You may not be aware that when applying for auto insurance that the agent is also taking a look at your personal credit score. It plays a part in what your premiums ultimately end up being in the end. Here is what you need to know about how insurance and credit scores relate.
Why Does Your Credit Score Matter?
The way that insurance companies determine premiums is by determining how big of a risk you are when it comes to driving. Based on statistics, people that have lower credit scores will be more likely to file an insurance claim on their auto insurance. Even though it may seem like driving and credit scores are unrelated, this is used to help categorize drivers when determining rates.
If an insurance provider isn't pulling your credit, there are other techniques that they use to determine how big of a risk you are
What Is Your Insurance Score?
Your insurance score will be another way that insurance companies gauge how big of a risk you are. It is very similar to your credit score, and also used in a similar way.
The range of an insurance score is between 200 and 997, which is different than a credit score that goes up to 850. The higher your score, the better your rating is. If you have an insurance score that is 770 or above, you are considered to have a good insurance score and are a lower risk in the eyes of your insurance company. You'll receive a lower premium in return.
What Determines Your Insurance Score?
An insurance score is based off of many factors, but it starts by looking at what is in your existing credit history. It then adds in other factors related to your driving, such as if you have received speeding tickets, been in auto accidents, or filed an insurance claim in the past.
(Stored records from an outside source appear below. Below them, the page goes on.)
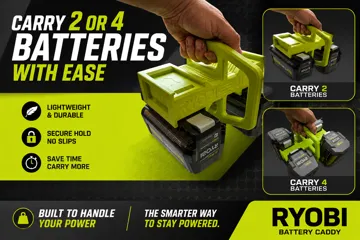 Modelo para impresión 3D: Ryobi 40V Caddy — vista de referencia 3
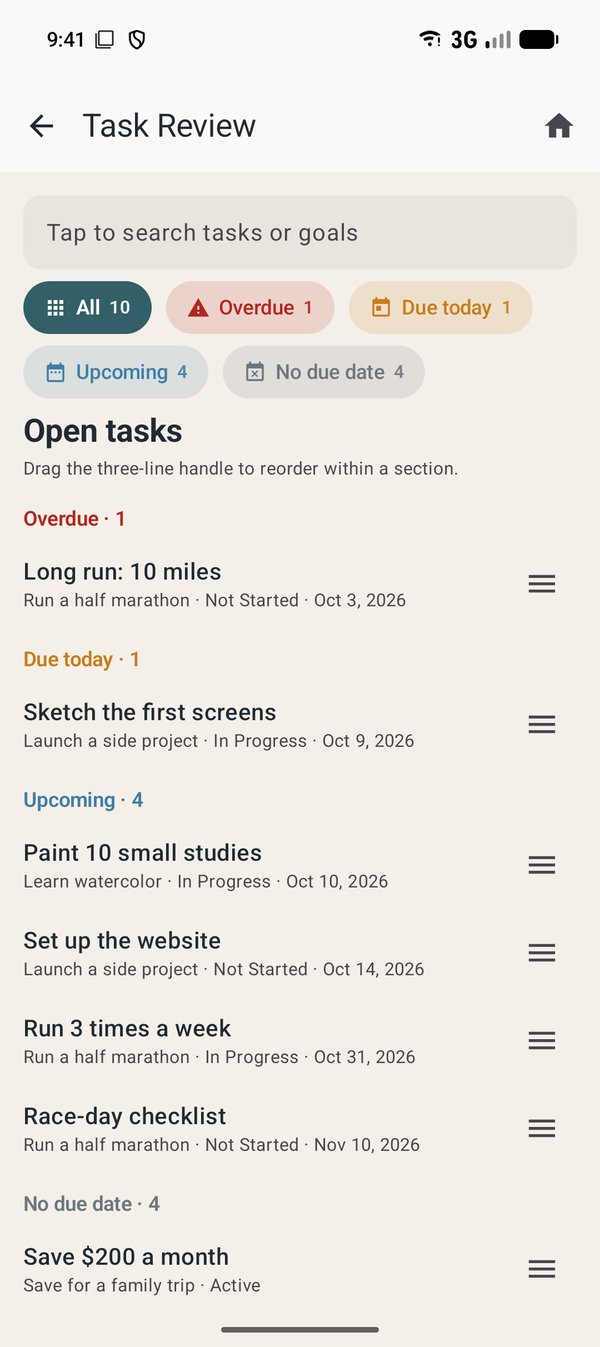 Task Review on Android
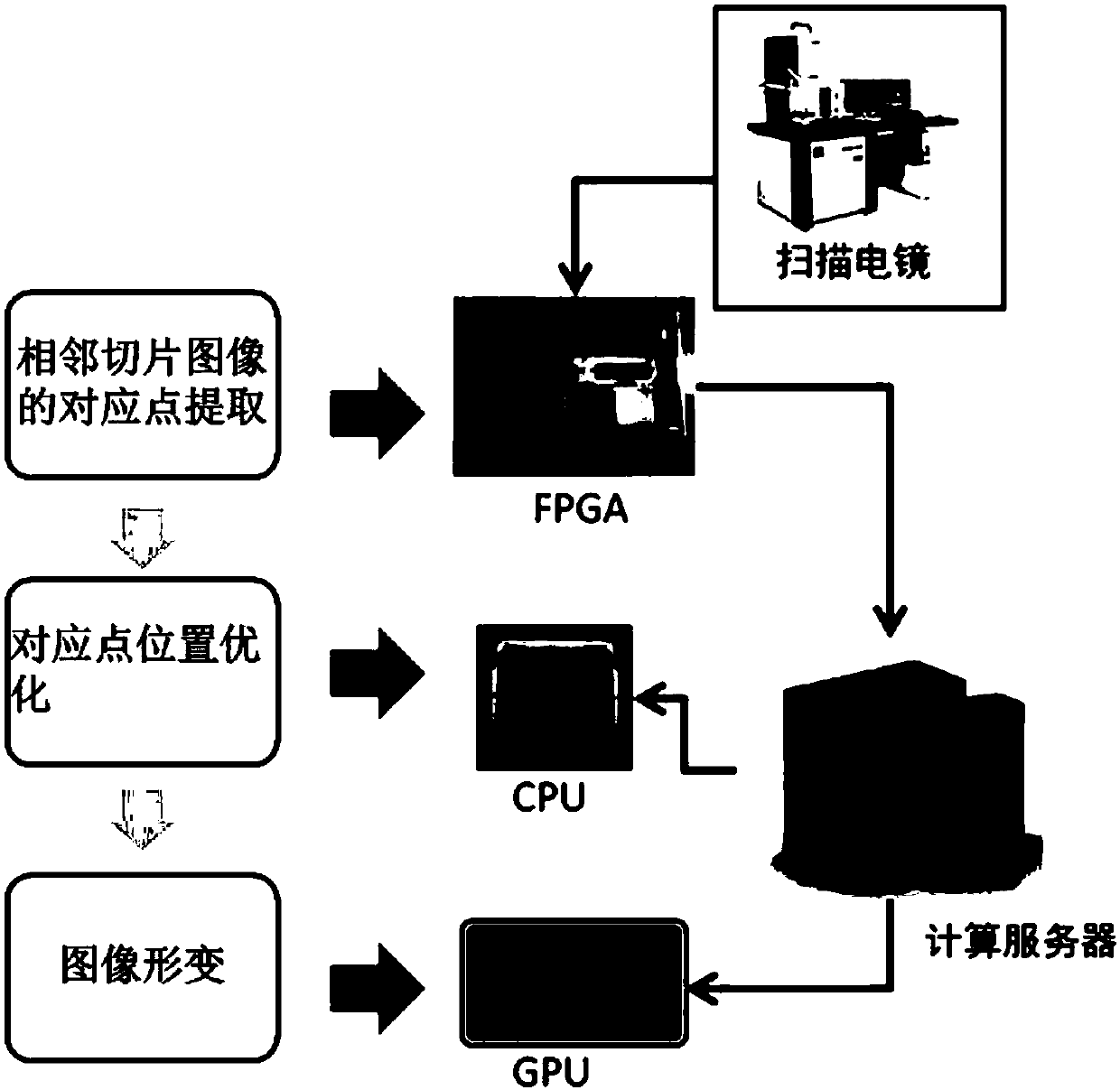 Sequential slice oriented real-time registration device and method for scanning electron microscope image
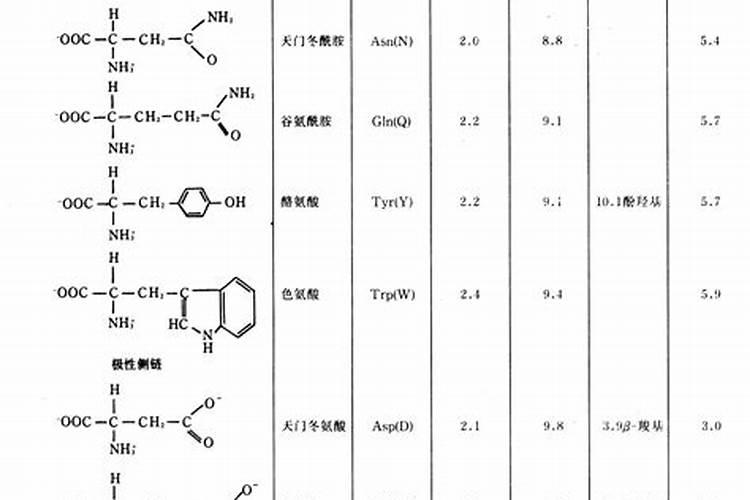 定植樱桃树施肥正确方法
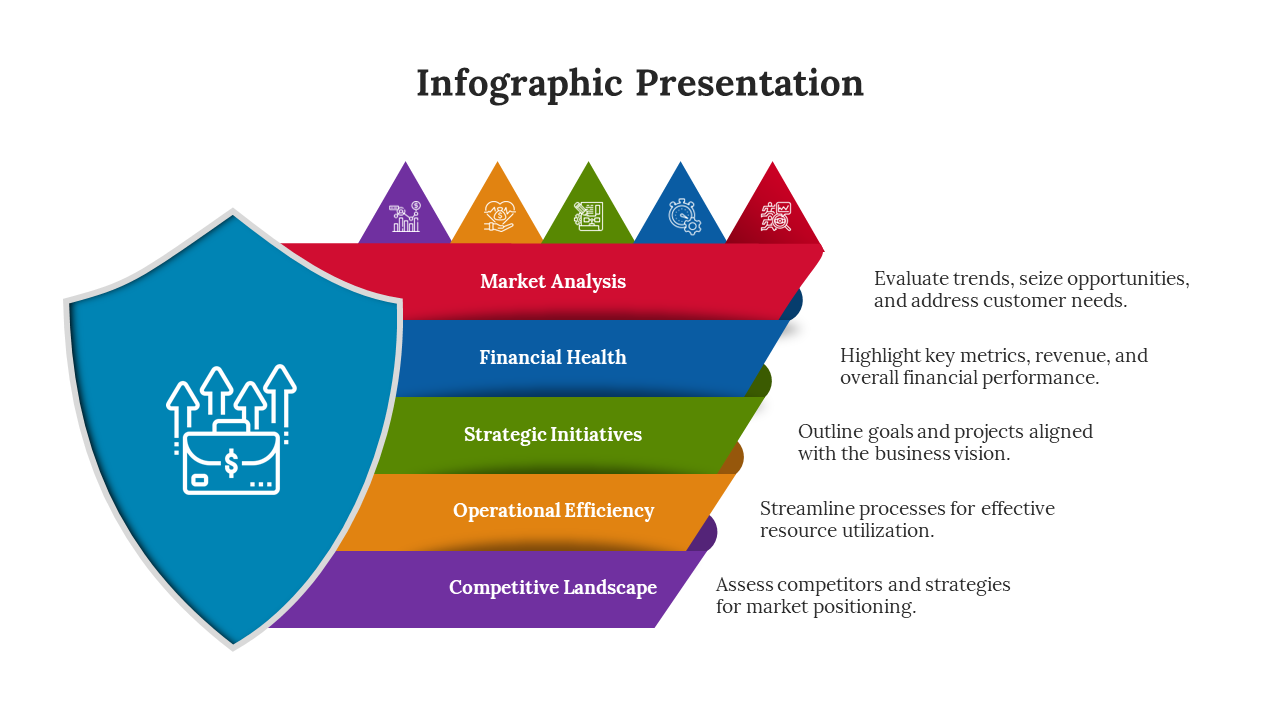 Striking Business PowerPoint Template And Google Slides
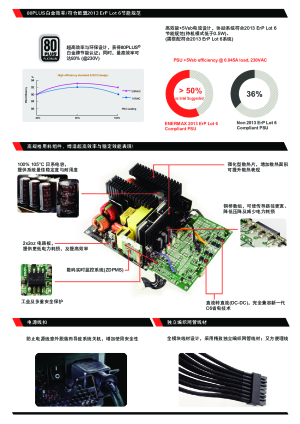 缩略图预览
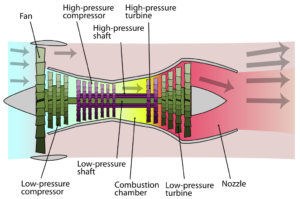 How jet engine Works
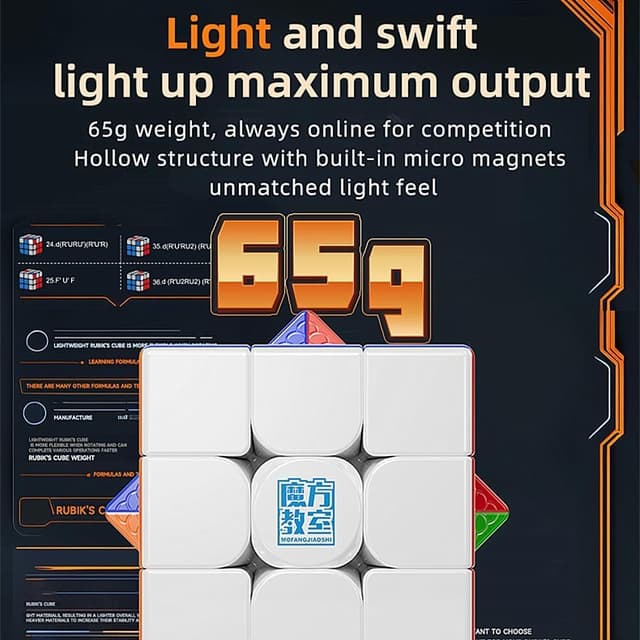 Thumbnail 1 de XMDCuber Moyu MeiLong 3M V2 3x3 Speed Cube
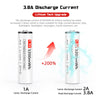 POOVER 1.5V AA AAA Lithium ion Batteries 3200mwh 1200mWh
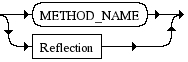 Diagrama Sintático - Diagrama de Sintaxe PHP Method_name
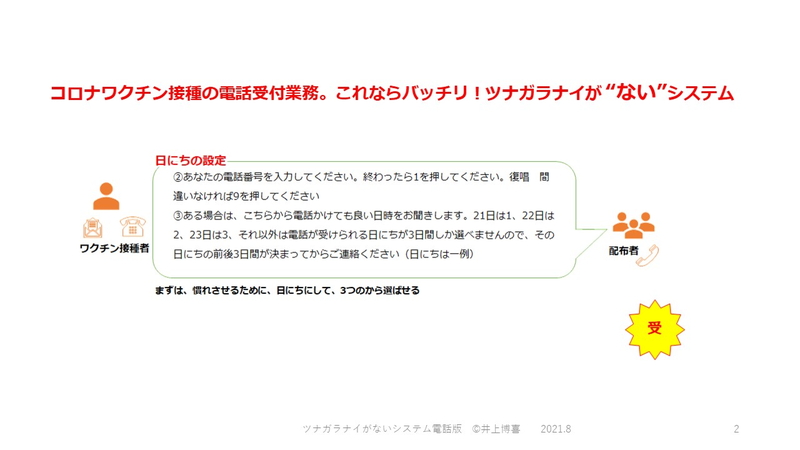COBOTPIAグランプリのRPA電話版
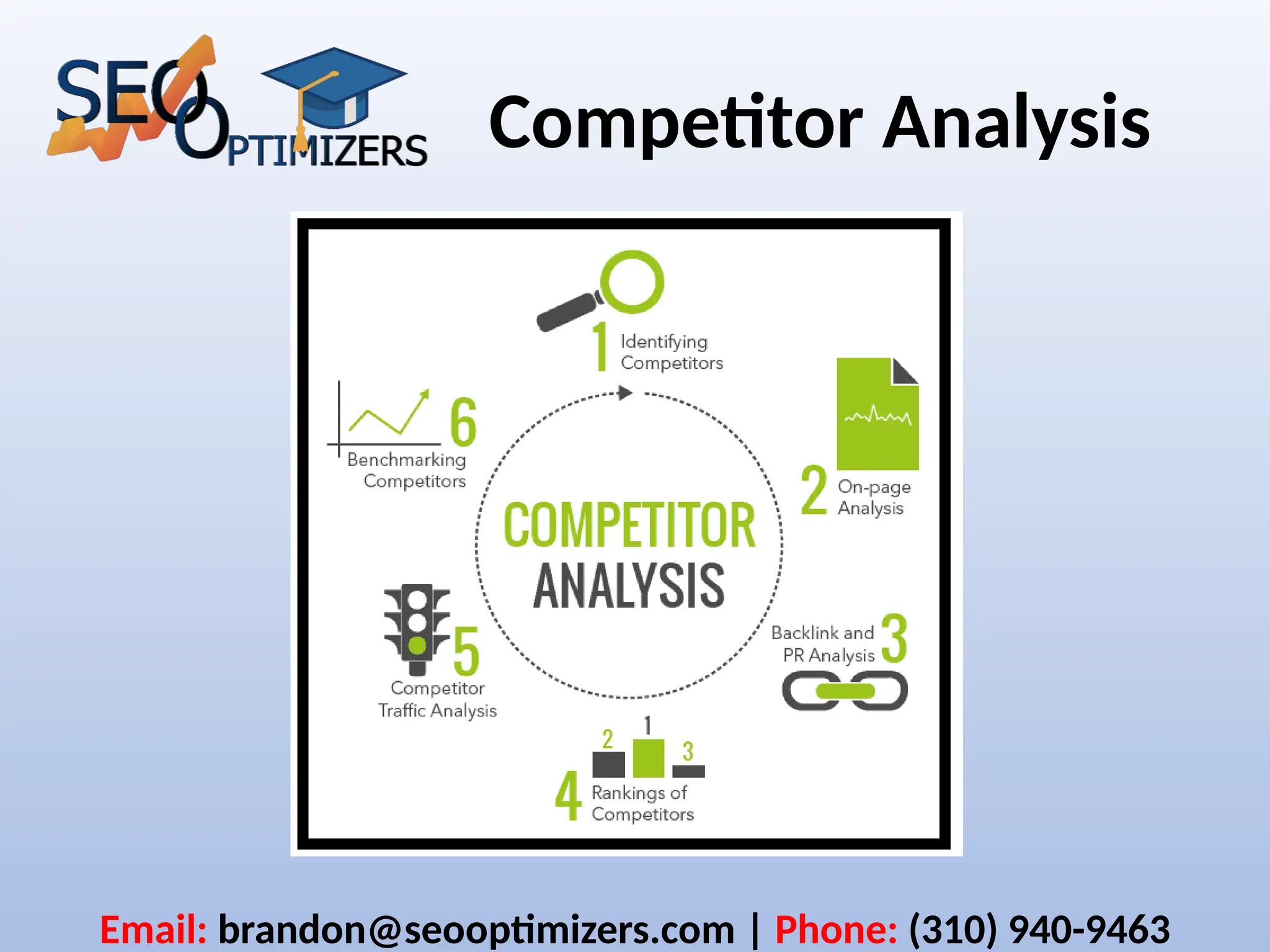 Competitor Analysis
Email: brandon@seooptimizers.com | Phone: (310) 940-9463
 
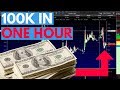 How To Make $2,000-$100,000 Trading Penny Stocks In An Hour
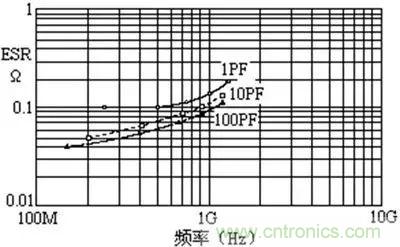 關(guān)于“陶瓷電容”的秘密！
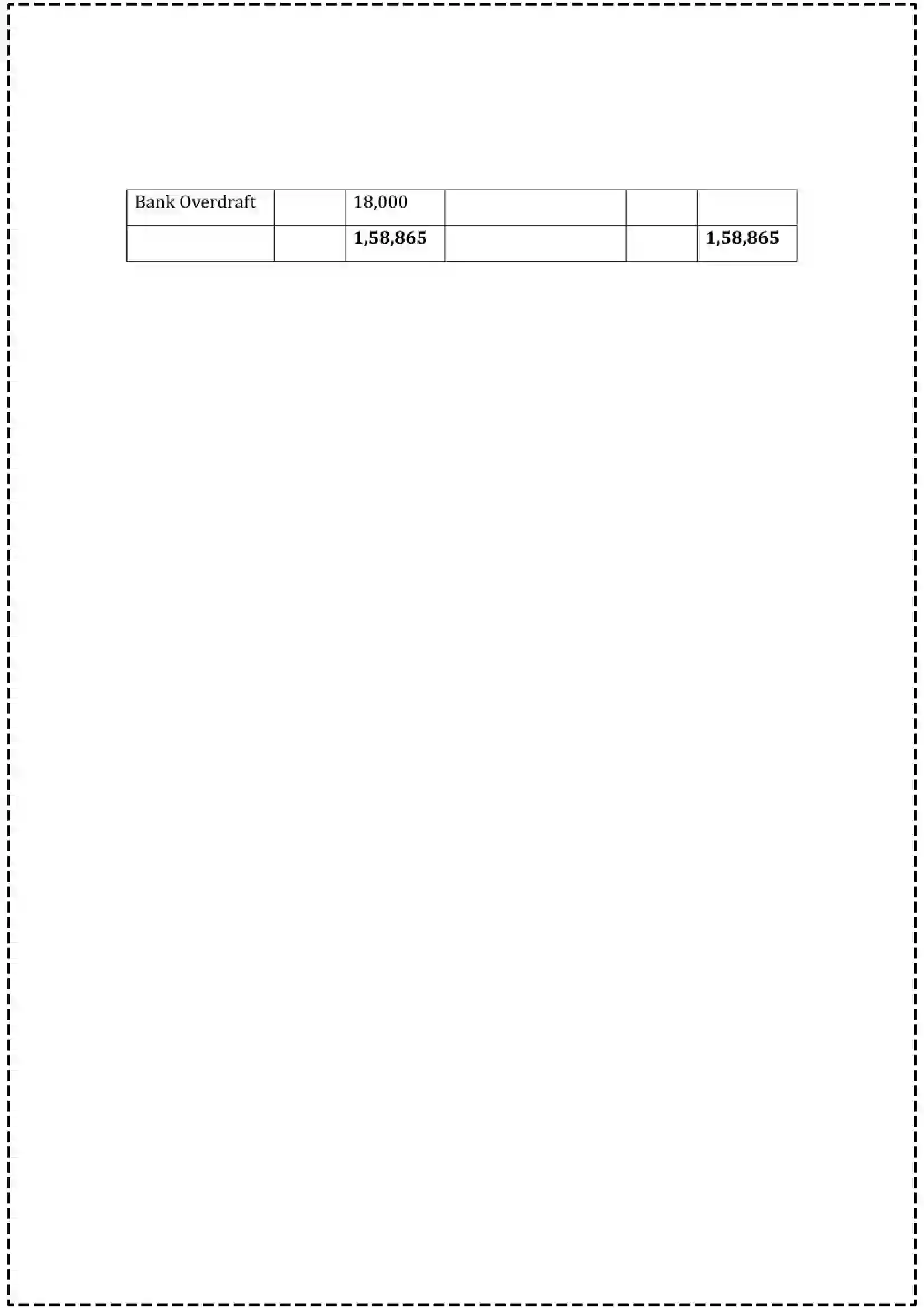 Maharashtra Board Class 12th 2025 Book Keeping & Accountancy Set - 3 - Sample Paper 33
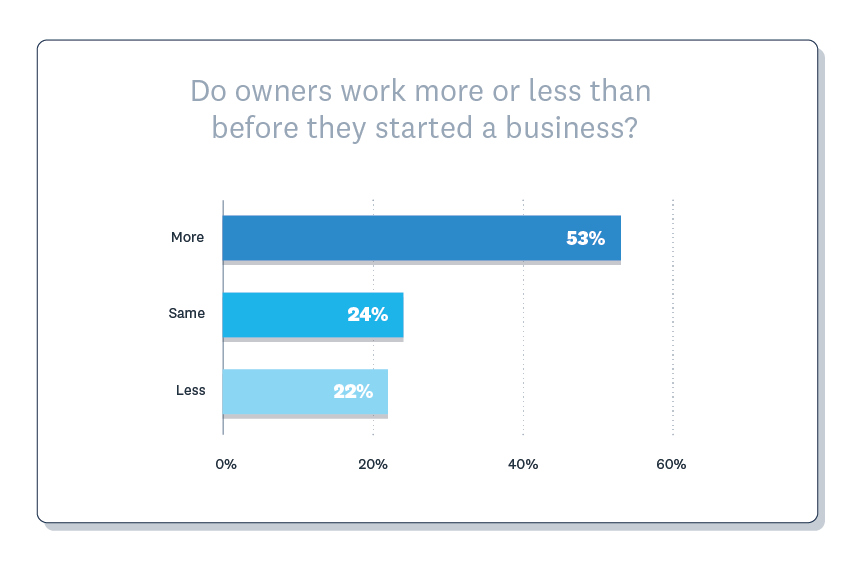 Do owners work more or less than before they started a business? More (53%), same (24%), less (22%).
It also takes into consideration your age and gender. This is more important if you are a new driver and do not have a previous driving history, since young drivers are considered more of a risk than older and experienced drivers.
How Can You Improve Your Scores?
You can make improvements to your own credit score by paying off debts that show up on a credit report to improve your score. For your insurance score, there is not much you can do other than drive safely and wait out any infractions. For instance, a traffic violation will remain on your driving record for 3 years from the date of conviction.